L’Etat belge soutenait, pour sa part, que la date retenue en matière de prestations aux personnes handicapées étant bien antérieure, il y avait lieu de procéder à un calcul anti-cumul depuis celle-ci.

Deux arrêts sont retenus par la cour du travail, un premier en matière AMI, dans lequel la Cour suprême a rappelé que le droit de subrogation de l’organisme qui a octroyé des avances est limité et ne peut s’exercer que sur les prestations octroyées concernant un même dommage. En l’occurrence, anticiper dans le régime des prestations aux personnes handicapées l’indemnisation accordée pour une période ultérieure en droit commun avait pour effet de ne pas couvrir la réparation du même dommage.

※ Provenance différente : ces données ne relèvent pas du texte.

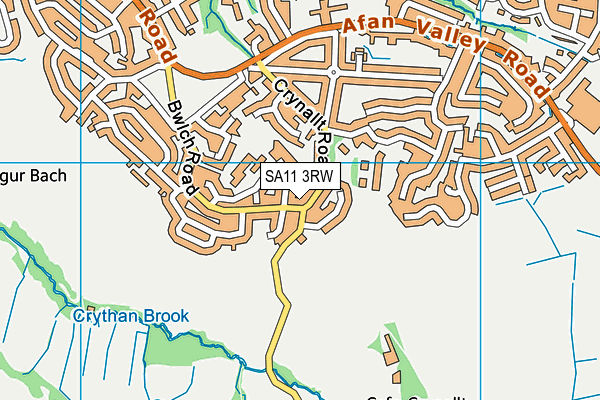 SA11 3RW map - OS VectorMap District (Ordnance Survey)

Par ailleurs, dans l’arrêt rendu le 7 octobre 2019, elle a rappelé que les prestations (ARR et AI) visées à l’article 7, § 2, de la loi trouvent leur fondement dans une limitation de la capacité de gain ou dans la perte ou la diminution de l’autonomie de la personne. Il en découle que seule l’indemnisation perçue destinée à compenser une limitation de la capacité de gain ou la perte ou la diminution de l’autonomie doit être prise en compte dans le calcul des sommes non cumulables avec celles-ci.